To recap: "Islam vs. Islamists" was one of two hourlong films my partners at ABG Films, director/producer Martyn Burke and renowned expert on Islamism Alex Alexiev, and I produced with some $645,000 in funding from the Corporation for Public Broadcasting for the Public Broadcasting Service's "America at a Crossroads" series. Regrettably, PBS executives and their associates at Washington's WETA engaged in various shenanigans that resulted in neither film airing as part of that big-budget, highly promoted, nationally broadcast series.

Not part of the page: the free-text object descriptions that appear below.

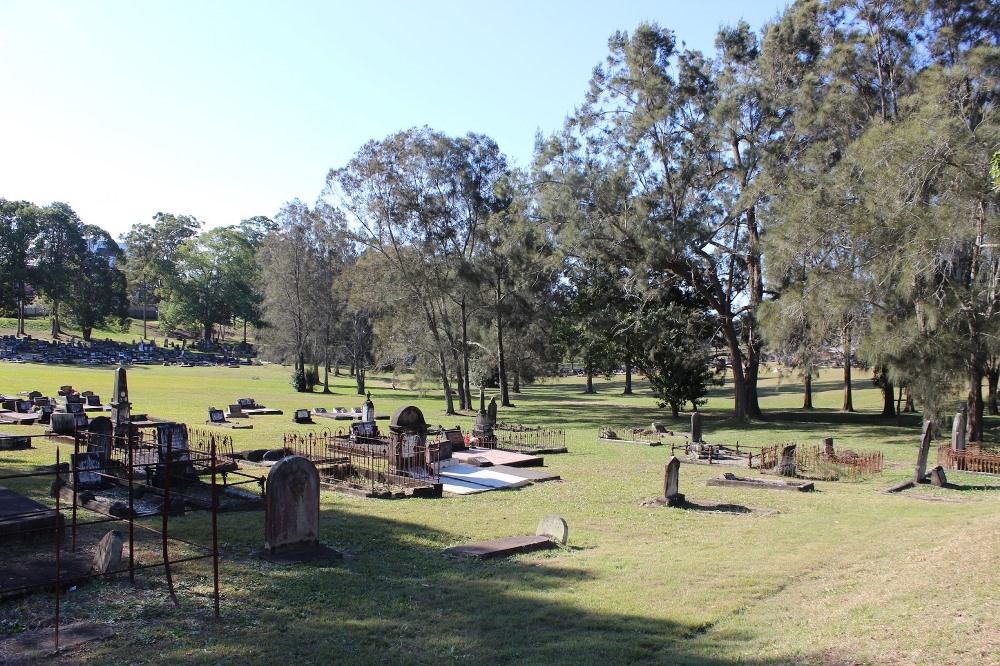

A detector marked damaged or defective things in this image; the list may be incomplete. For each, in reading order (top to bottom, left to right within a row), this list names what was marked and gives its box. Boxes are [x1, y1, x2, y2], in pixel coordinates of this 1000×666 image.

rusty iron fence [490, 422, 568, 454]
rusty iron fence [280, 428, 440, 496]
rusty iron fence [936, 440, 1000, 472]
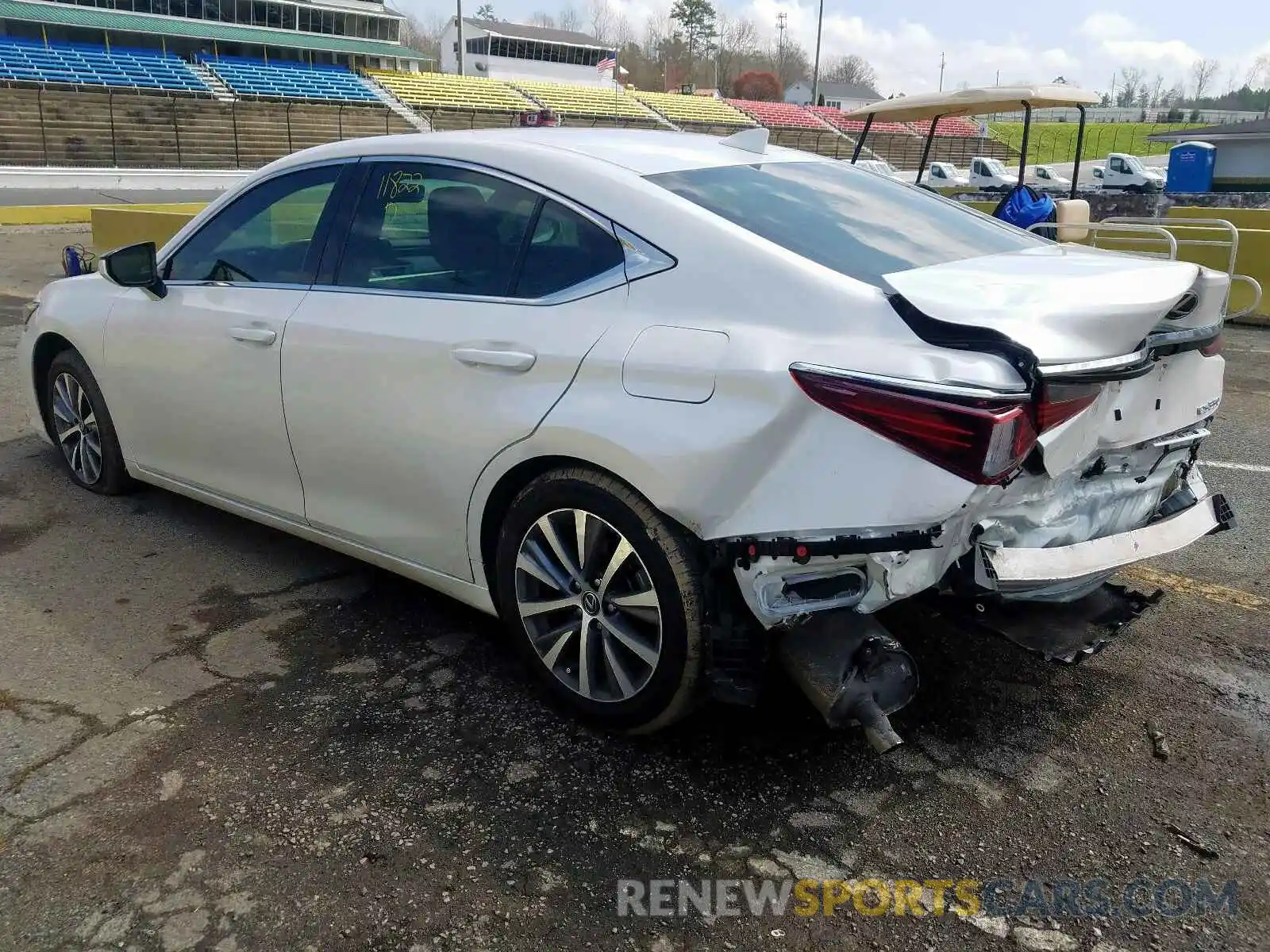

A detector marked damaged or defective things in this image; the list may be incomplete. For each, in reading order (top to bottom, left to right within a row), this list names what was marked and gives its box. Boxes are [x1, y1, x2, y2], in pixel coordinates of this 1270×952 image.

cracked asphalt pavement [0, 227, 1264, 949]
damaged rear bumper [970, 495, 1229, 593]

Even more troubling than the effort to blacklist Mr. Alexiev and me for being "conservatives" were the repeated attempts made by PBS/WETA effectively to suppress the voices of the anti-Islamist Muslims who were the heroes of the film. When ABG Films refused to engage in a form of moral equivalence between those resisting Islamofascism and those who adhere to or apologize for it, we were told our film "failed to meet PBS standards," was "one-sided," "too long" and otherwise ineligible for broadcast on the public airwaves.

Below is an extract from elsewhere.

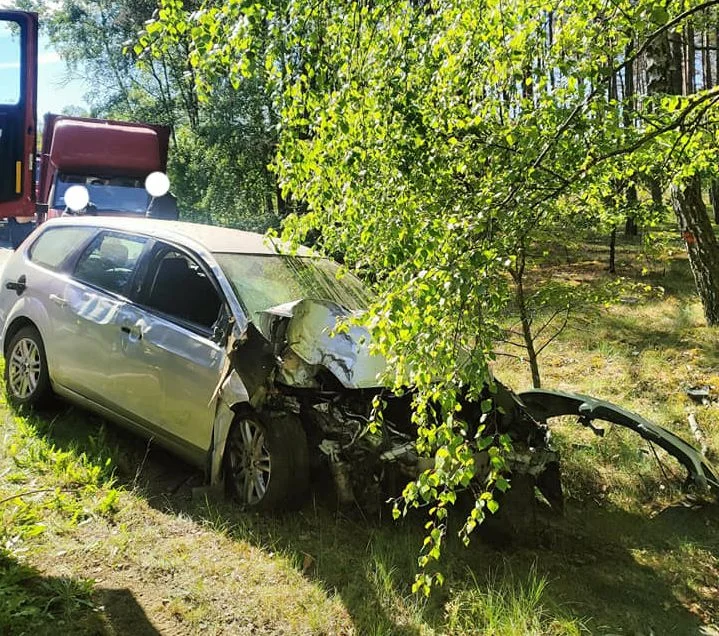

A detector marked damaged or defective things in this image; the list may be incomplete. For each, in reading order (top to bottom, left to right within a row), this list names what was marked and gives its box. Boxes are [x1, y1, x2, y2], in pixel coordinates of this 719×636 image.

crumpled car hood [256, 300, 386, 392]
damaged silver car [1, 217, 719, 512]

Interestingly, these defamatory and unfounded claims are among nine aspects of the skullduggery to which "Islam vs. Islamists" was subjected that are being investigated at congressional request by the Corporation for Public Broadcasting Inspector General.

Thanks to an arrangement brokered by CPB with Oregon Public Broadcasting, however, the film has begun airing on roughly half of the PBS affiliates nationwide — including such major markets as Washington, Boston, Los Angeles, Dallas and San Francisco. So much for the claim it did not meet PBS standards.

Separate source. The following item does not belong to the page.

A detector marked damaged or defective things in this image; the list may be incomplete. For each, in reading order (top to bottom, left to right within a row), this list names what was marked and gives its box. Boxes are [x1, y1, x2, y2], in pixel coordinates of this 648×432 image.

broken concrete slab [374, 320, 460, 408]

Meanwhile, most of the second hour, "Muslims Against Jihad," was broadcast by Fox News several times this summer as part of a special about PBS' suppression of the voices of these films' moderate Muslim protagonists. Millions of Americans have thus been exposed to the reality that all Muslims are not Islamists — and that those who are not urgently need our help in challenging those who are.

How much that help is required was on display in a half-hour panel discussion aired on Aug. 23 following a broadcast of "Islam vs. Islamists" by WEDU, which styles itself as "West Central Florida's PBS Station." If the composition of this panel and the content of its views is any guide, WEDU might be more accurately described as CAIR-TV.

In contrast to a separate discussion produced by Oregon Public Broadcasting and distributed along with "Islam vs. Islamists" — which featured one of the film's anti-Islamist stars, Zuhdi Jasser of Phoenix, the WEDU panel was populated entirely by those hostile to Dr. Jasser and Muslims like him. Among the talking-heads was Ahmed Bedier, the executive director of the Tampa office of the Council on American-Islamic Relations (CAIR).

When Mr. Bedier is not savaging anti-Islamist Muslims and the film-makers who, despite considerable adversity, brought their story to a national audience, he is denouncing the listing by federal prosecutors of CAIR as an unindicted co-conspirator in a terrorism case involving an Islamist fund-raising arm called the Holy Land Foundation.

Or Mr. Bedier is mounting a vehement public defense of two Egyptian students at the University of South Florida, Ahmed Abda Sherf Mohamed and Yousef Samir Megahed, caught in South Carolina last month transporting pipe bombs across state lines. Mr. Bedier's response was vintage CAIR, portraying the arrested men as victims of racial profiling, bias and discrimination. "We believe that there's an overreaction that [is] happening here just because of their Middle Eastern and Muslim backgrounds."

In the past, Mr. Bedier insistently made similar claims about Sami al-Arian, the University of South Florida professor who ultimately pleaded guilty to providing services for the terrorist Palestinian Islamic Jihad organization. It is unlikely to be purely coincidental that Mr. Mohamed reportedly rented a room in a house used by Mr. al-Arian to run his front organization, the World Islamic Studies Enterprise.

What is going on in Tampa, enabled in part by uncritical media outlets like WEDU, is going on all over America. It is time we stop promoting the Islamists and their friends — and start helping those Muslims who are ours.

Frank J. Gaffney Jr. is president of the Center for Security Policy and a partner in ABG Films. He is a columnist for The Washington Times.